The train pulled into Vienna’s Wien Westbahnhof station, and I gathered my scattered notes and belongings, stuffing them into my duffel bag as the train squeaked to a stop. I was about to leave the cabin when I heard a man barking orders outside of the train. Without understanding a word of German, I knew the guy was a cop. He spoke with authority, the arrogant knowledge that, at least in the moment, his word was law.

Splitting the drapes with my fingers, I looked out and saw my fellow passengers debarking into a rail station immersed in chaos. The man speaking was not a cop, but a soldier wearing a suit of polished black armor, his voice modulated and amplified by his helmet. Not quite the massive suit of powered armor the United Nations was cooking up, but probably a more advanced version of what I had seen on an oil rig a few years ago. Those German commandos had been some tough bastards. I only won that fight because I gave in to rage and desperation. I was lucky this was Austria, though. The Germans would’ve had a proper welcoming committee.

He was armed with a gun that I couldn’t have held in two hands, and flanked by two more armored soldiers who watched impassive as local police led the passengers through roped cordons and off the platform. I jumped at a sudden knock at my door, the muffled voice of a porter speaking in Italian. Again, I didn’t need a translator to understand what he was saying. It was time to get off the train, and they were waiting for me.

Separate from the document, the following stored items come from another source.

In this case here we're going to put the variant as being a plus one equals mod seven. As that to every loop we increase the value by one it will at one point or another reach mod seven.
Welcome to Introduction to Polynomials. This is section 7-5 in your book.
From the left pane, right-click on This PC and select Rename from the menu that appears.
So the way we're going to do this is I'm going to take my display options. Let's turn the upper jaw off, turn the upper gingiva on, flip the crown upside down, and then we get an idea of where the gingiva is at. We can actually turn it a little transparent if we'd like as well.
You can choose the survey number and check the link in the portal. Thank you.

“Just a minute,” I said, still peering out the window. The armored soldiers had their backs to me, and were no more than twenty feet away. It would be nothing to rip through the train and hit them before they could recover. There were still dozens of people on the platform, more than enough to sow some disorder once I had dealt with the soldiers. My palms lay flat against the train wall, the thin wooden veneer denting at the slightest flexion of my fingers. Their armor would be thick, but I could kill one before the other two could react. Punch through one, bludgeon the others to death with the corpse.

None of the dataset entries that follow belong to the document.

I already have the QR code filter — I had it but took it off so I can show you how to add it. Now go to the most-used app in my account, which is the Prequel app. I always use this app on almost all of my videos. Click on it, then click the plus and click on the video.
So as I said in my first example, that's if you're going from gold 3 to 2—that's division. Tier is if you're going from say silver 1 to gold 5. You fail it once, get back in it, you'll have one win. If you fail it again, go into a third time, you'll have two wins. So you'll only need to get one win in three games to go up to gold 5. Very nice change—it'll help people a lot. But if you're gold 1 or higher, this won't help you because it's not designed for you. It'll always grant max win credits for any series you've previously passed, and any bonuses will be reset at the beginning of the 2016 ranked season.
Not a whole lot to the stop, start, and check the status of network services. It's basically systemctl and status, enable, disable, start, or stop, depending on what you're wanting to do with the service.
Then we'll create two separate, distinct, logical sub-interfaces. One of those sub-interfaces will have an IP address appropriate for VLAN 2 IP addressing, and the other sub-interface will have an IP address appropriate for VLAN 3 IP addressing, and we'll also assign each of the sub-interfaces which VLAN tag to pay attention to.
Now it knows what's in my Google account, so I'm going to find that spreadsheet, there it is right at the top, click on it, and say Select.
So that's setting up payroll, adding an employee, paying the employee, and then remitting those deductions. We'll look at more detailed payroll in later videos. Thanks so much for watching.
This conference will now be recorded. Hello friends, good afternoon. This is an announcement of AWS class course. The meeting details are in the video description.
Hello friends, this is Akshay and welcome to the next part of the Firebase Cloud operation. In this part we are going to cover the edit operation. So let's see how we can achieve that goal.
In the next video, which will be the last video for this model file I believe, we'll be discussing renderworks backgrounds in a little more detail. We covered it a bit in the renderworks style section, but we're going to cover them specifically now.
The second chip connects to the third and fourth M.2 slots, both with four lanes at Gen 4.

The knock at my cabin door became more insistent, cutting through the thrum of my coursing blood as it pounded my eardrums. I inhaled through my nose, long and slow, then murmured a curse, donning my flimsy disguise and opened the door. The porter took a step back, and I realized tension was probably bleeding off of me. I took a small step back and said, “I’m sorry, it was a mess in here.”

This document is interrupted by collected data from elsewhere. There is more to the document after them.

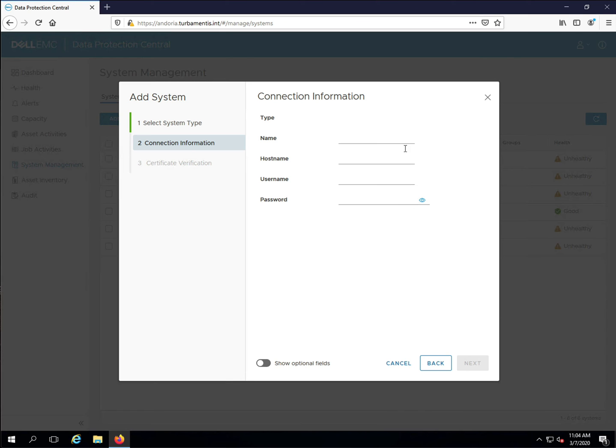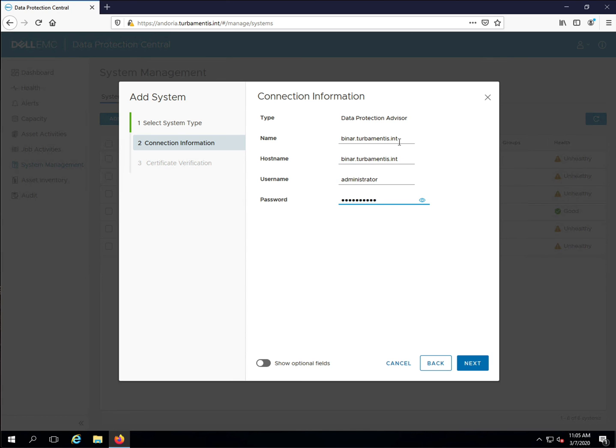You'll be prompted to verify the DPA security certificate, and if all the details are correct, your DPA server will be added to DPC.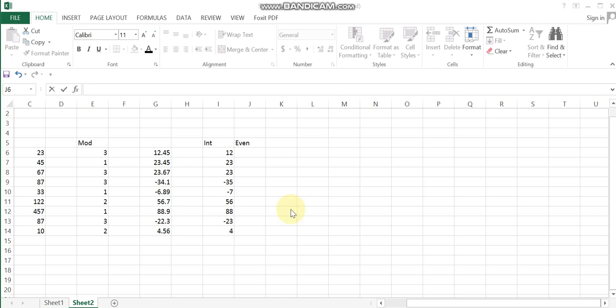The next formula is the EVEN function. This function is responsible for converting a number to the nearest even number. Select the number, then choose the number you want to convert.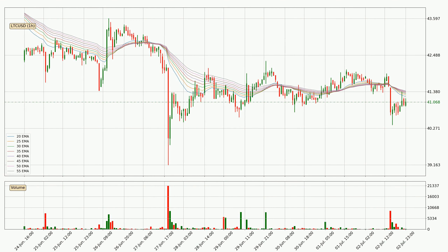Looking at the hourly exponential moving averages, the price is currently situated below the hourly ribbon, which is usually bearish and the ribbon can act as resistance. You should keep an eye on whether the price will break it or bounce off it — the current price to watch is around 41.4. Nevertheless, a trend change can be expected owing to the ribbon being compressed, which means that the trend is currently not very strong.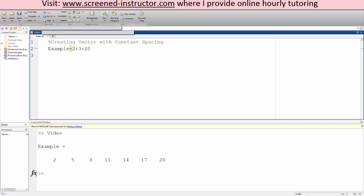So if we hit run, this is what we have: 2, 5, 8, 11, 14, 17, 20 — it increases each time by 3. And this is a very basic vector with constant spacing example.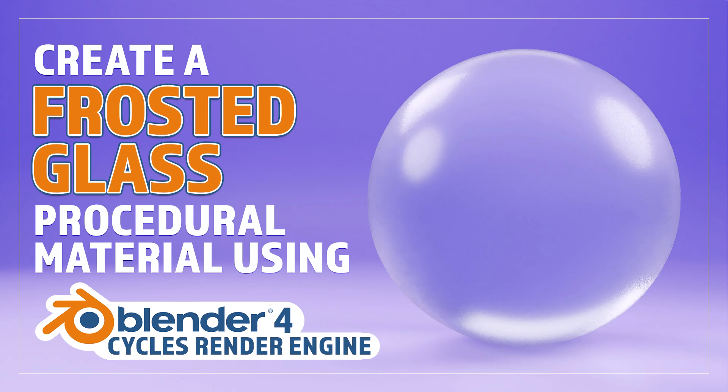Hello and welcome to Blender Bitesize. In this video I'll be showing you how to make this material procedurally in Blender.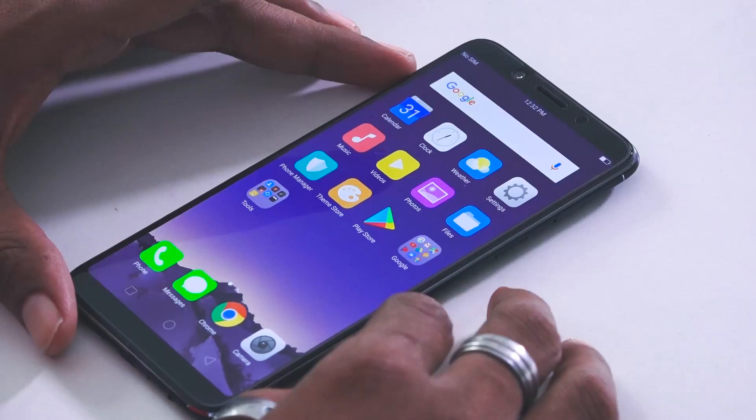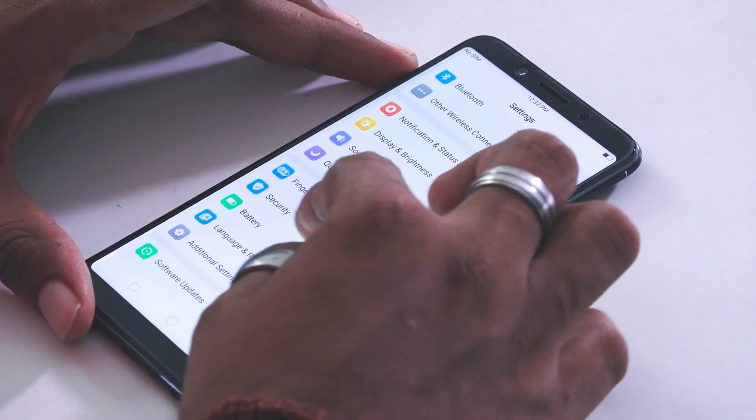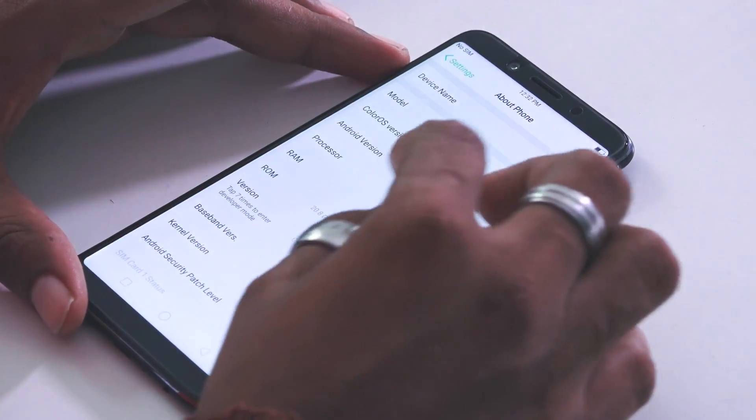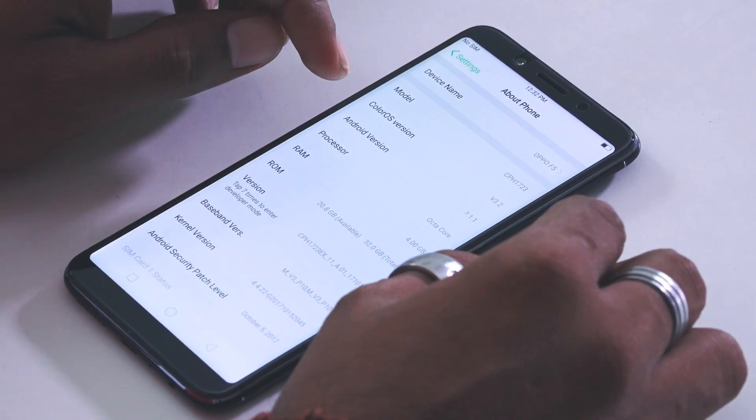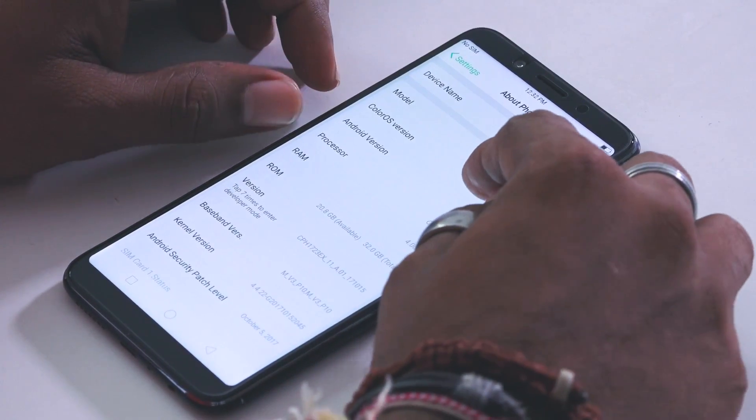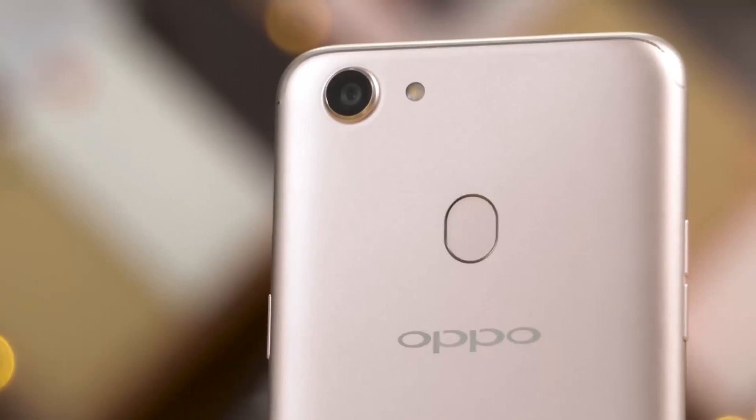The phone runs OS version 3.2 and Android 7.1. It has a core processor and comes in RAM options including 3GB and 4GB variants.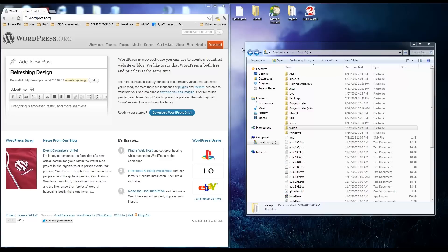Hey guys, Chris here with TechRecipes.com. Today I'll be showing you how to get WordPress up and running on a localhost, and we're going to be doing this on Windows 7.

The porter was quiet a second before saying, “I can help you with your bags?”

His English was accented, but he held his hands out to take my duffel bag. I waved him off and said, “What’s going on out there.” I jerked a thumb over my shoulder, and he put words and motion together quickly.

“Trouble,” he said, and I could see him trying to find the words. “Criminals to rob people, superuomo”

I chewed on that last word for second, connecting the dots. “Super criminals?”

He nodded at that, and our little game of charades seemed to put him at ease. “Yes, the army sent bigger men,” he said, hunching his shoulders and bending his arms in a pretend flex. “My boss says they catch them, but are staying to make sure we are safe.”

Well that was kind, and inconvenient. At least they weren’t here for me. They were just standing right by the train, armed and alert. All I had were a scarf and glasses. Again, I thought about tearing through the train and improvising, but there were still a lot of people milling about, both on the train and in the station. No telling how much collateral damage a fight in the confined train station would generate. If I didn’t want to be confused with the monsters and the animals, it was time to act like it.

The porter had leaned in at the waist, his hands laced formally behind his back. “Signore, can I show you off the train?”

I had no choice but to follow. He offered an outstretched hand for my bag, but I shook my head. He stepped into the hallway with trained grace and held one arm out in guidance. I stepped into a hallway that felt claustrophobic. I steadied my breathing, deep in through the nose, out through the mouth. Annit’s perfume clung to the scarf, a flowery scent that suited her and calmed me. The ever narrowing hallway led to the exit door much faster than it should have. The porter had stayed a professional step behind as we left the cabin, but as the exit came into view, he took a quick step around me.